→ Work to be completed: Repeat every line of the listing below exactly, minus the pictures.

→ The data:
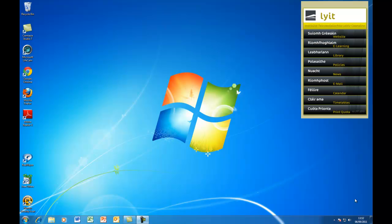Hi, this is Deirdre McNamara from Letterkenny IT and this is the first of the Windows 7 videos. I'm going to show you a bit of file management.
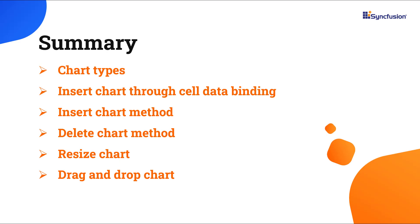So far, I have shown you the ways to insert and delete the chart. You can download this working example from the GitHub link in the description below.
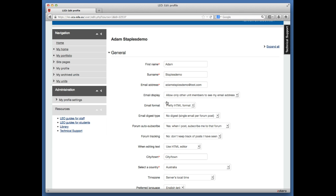Scroll down to where it says Email Digest Type. You'll notice that your default says 'No digest, single email per forum post.' So if a hundred posts have been sent to a forum, you're going to get a hundred emails.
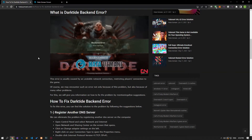Hello everyone, welcome to the Bug Expert channel. In this video, we will talk about solutions for friends who encounter the Dark Tide backend error. This error is usually caused by an unstable network connection restricting the player's connection to the game. Of course, we may encounter such an error not only because of this problem, but also because of many other problems. We will give you information on how to fix the problem by mentioning a few suggestions.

→ The completed task:
Hi, this is Deirdre McNamara from Letterkenny IT and this is the first of the Windows 7 videos. I'm going to show you a bit of file management.
So far, I have shown you the ways to insert and delete the chart. You can download this working example from the GitHub link in the description below.
Scroll down to where it says Email Digest Type. You'll notice that your default says 'No digest, single email per forum post.' So if a hundred posts have been sent to a forum, you're going to get a hundred emails.
Hello everyone, welcome to the Bug Expert channel. In this video, we will talk about solutions for friends who encounter the Dark Tide backend error. This error is usually caused by an unstable network connection restricting the player's connection to the game. Of course, we may encounter such an error not only because of this problem, but also because of many other problems. We will give you information on how to fix the problem by mentioning a few suggestions.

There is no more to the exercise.